Nur Sutan Iskandar adalah sastrawan Angkatan Balai Pustaka. Nur Sutan Iskandar memiliki nama asli Muhammad Nur. Setelah menamatkan sekolah rakyat pada tahun 1909, Nur Sutan Iskandar bekerja sebagai guru bantu. Pada tahun 1919 ia hijrah ke Jakarta.
Di sana ia bekerja di Balai Pustaka, pertama kali sebagai korektor naskah karangan sampai akhirnya menjabat sebagai Pemimpin Redaksi Balai Pustaka (1925-1942). Kemudian ia diangkat menjadi Kepala Pengarang Balai Pustaka, yang dijabatnya 1942-1945. Nur Sutan Iskandar tercatat sebagai sastrawan terproduktif di angkatannya.

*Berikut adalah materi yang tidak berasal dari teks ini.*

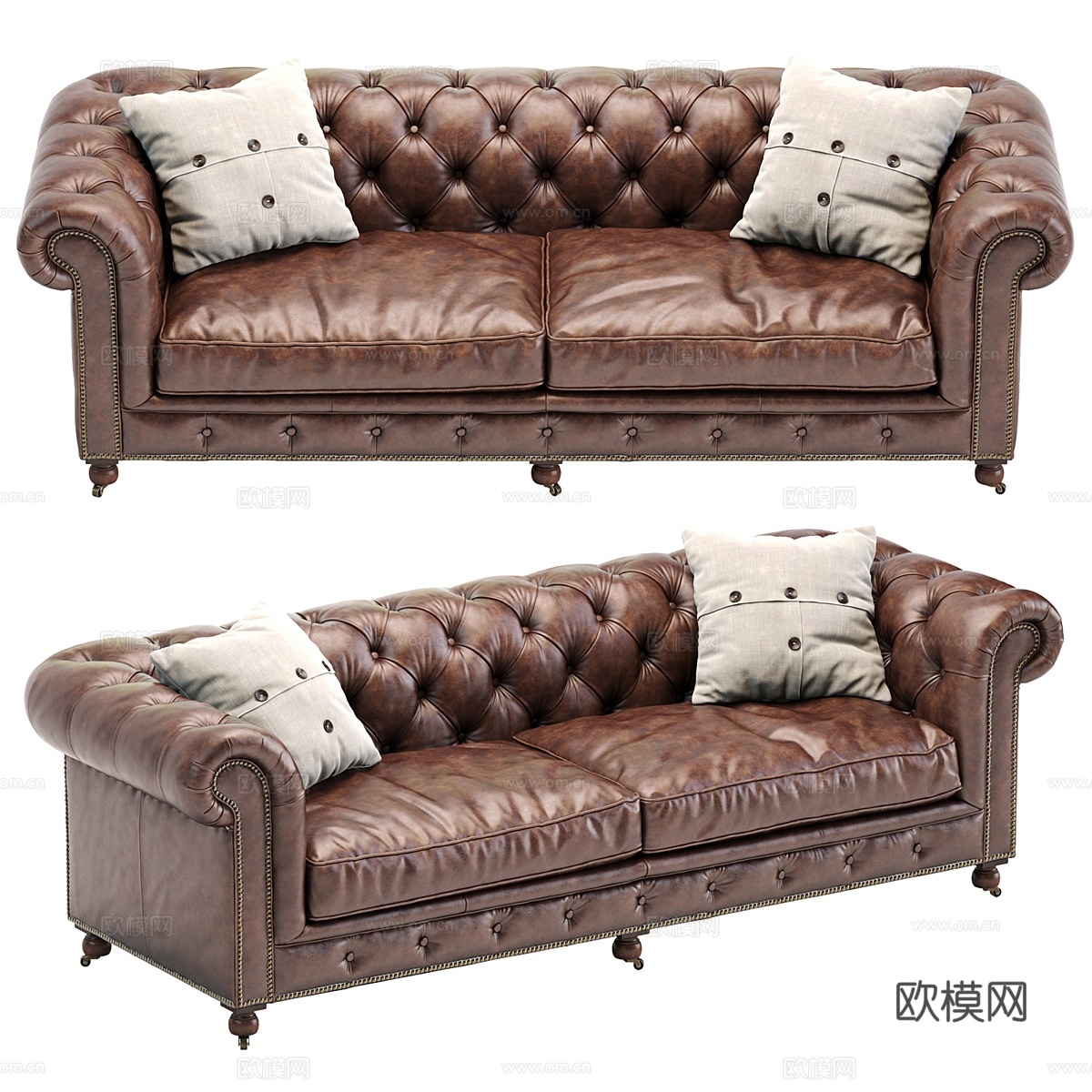 Carnegie Conrad沙发3d模型下载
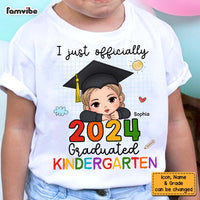 Personalized Gift For Granddaughter I Just Officially Graduated Kindergarten Kid T Shirt - Kid Hoodie - Kid Sweatshirt 33668 thumb 1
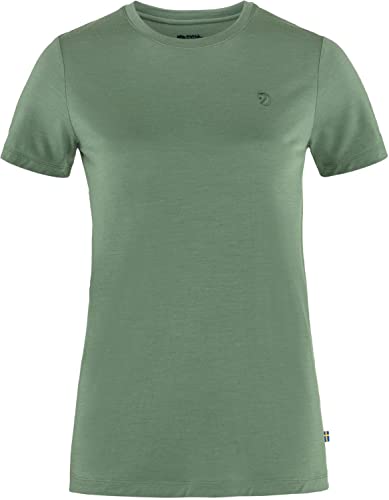 Fjallraven 84101-614 Abisko Wool SS W T-Shirt Damen Patina Green Größe XXS von Fjäll Räven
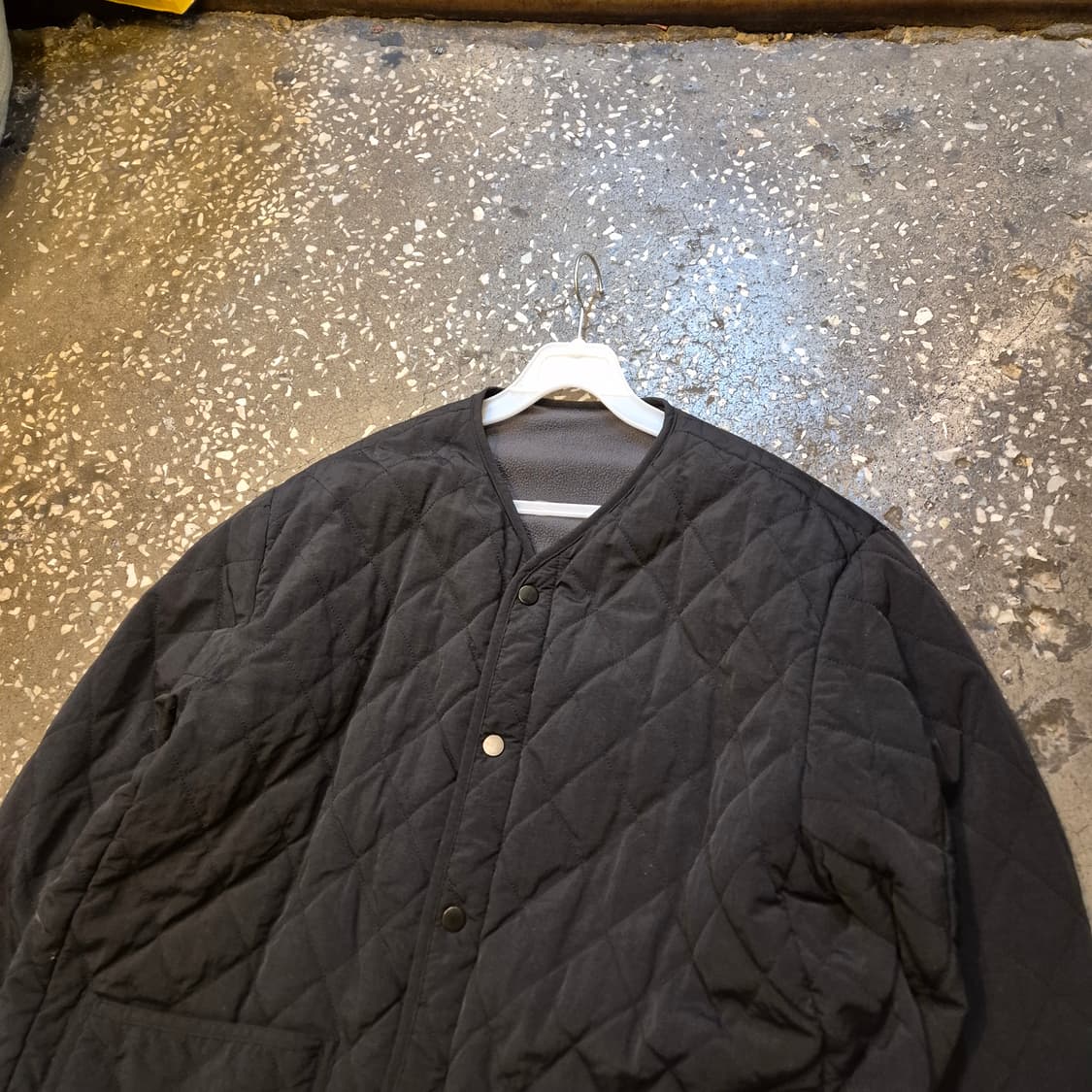 M~L 블랙 퀼팅자켓  상품이미지4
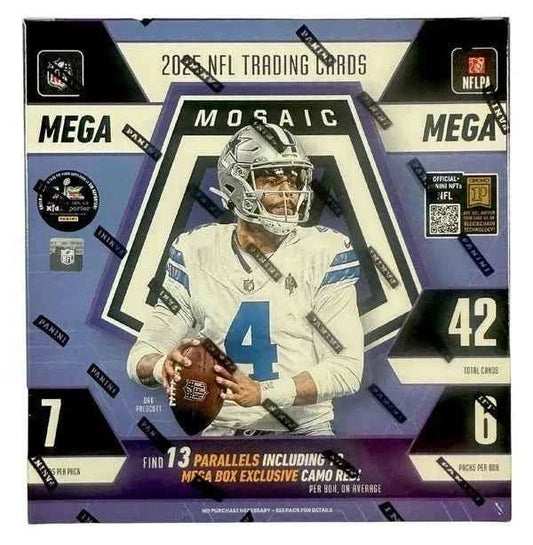 2025 Panini Mosaic Football Hobby Mega Box - CardVault Store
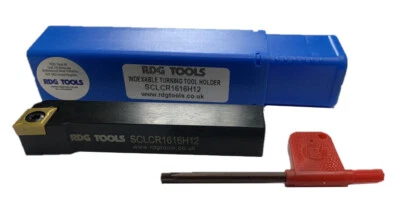 INDEXABLE LATHE TURNING TOOL 16MM SHANK RIGHT HAND CCMT 12 INSERTS RDGTOOLS - Image 1 of 2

Salah satu karyanya yang terkenal pada masa itu adalah novel Cinta Tanah Air. Novel ini menceritakan tentang seorang pemuda berusia 24 tahun yang sedang menunggu trem. Anak muda itu bernama Amiruddin, berpakaian putih bersih dan bersepatu hitam mengkilap.
Hari pun sudah senja, namun trem belum datang juga. Becak pun tidak ada yang kosong dan kendaraan-kendaraan lain tidak tampak. Tidak lama kemudian trem pun datang, ia pun segera bergegas menaiki trem tersebut. Di dalam trem ia berbicara dengan orang yang berada disampingnya.
Segala gerak-geriknya diperhatikan oleh seorang perempuan yang duduknya agak jauh. Pandangannya begitu melekat terhadap Amir. Perasaan hati tergambar di matanya. Ketika Amiruddin tidak sengaja memandang pula kepadanya, beradulah mata keduanya. Hanya sebentar saja, lalu menundukkan kepala masing-masing.
Hati Amiruddin berdebar-debar dengan kencang. Mukanya menjadi merah dan pucat berganti-ganti. Karena gugup, ia meraba saku dibajunya, diurut-urut kaki celananya dan memperbaiki tali sepatunya.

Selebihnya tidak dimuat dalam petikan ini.